SPSS tutorials website header logo SPSS TUTORIALS VIDEO COURSE BASICS ANOVA REGRESSION FACTOR

Split-Half Reliability in SPSS

A psychologist is developing a scale to measure “emotional stability”. She therefore adminstered her 15 items to a sample of N = 924 students. The data thus obtained are in split-half-reliability.sav, partly shown below.

SPSS Split Half Reliability Test Data

Note that some items indicating emotional instability have been reverse coded. These items have (R) appended to their variable label and their value labels have been adjusted as well.

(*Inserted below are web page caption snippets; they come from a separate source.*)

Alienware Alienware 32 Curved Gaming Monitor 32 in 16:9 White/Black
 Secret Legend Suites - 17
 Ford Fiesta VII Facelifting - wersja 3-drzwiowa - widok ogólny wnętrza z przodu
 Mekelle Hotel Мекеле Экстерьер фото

Now, test reliability is usually examined using Cronbach’s alpha. However, some researchers prefer split-half reliability:

So how to find split-half reliability in SPSS? We'll show you in a minute. But let's first make sure we know what's in our data.

Quick Data Screening

A solid way to screen these data is inspecting frequency distributions and their corresponding bar charts. You'll find these under Analyze SPSS Menu Arrow Descriptive statistics SPSS Menu Arrow Frequencies but a faster way is to run the SPSS syntax below.

*MINIMAL VARIABLE SCREENING.

frequencies adj01 to adj15
/barchart.

Data Screening Output

First off, note that the Statistics table indicates that there's some missing values in our variables. Fortunately, they're not too many but they'll have consequences for our analyses nevertheless.

SPSS Split Half Reliability Missing Values

Next up, let's inspect the actual frequency tables. The main question here is whether we should specify any answer categories (such as “No opinion”) as user missing values. Note that these are not present in the data at hand.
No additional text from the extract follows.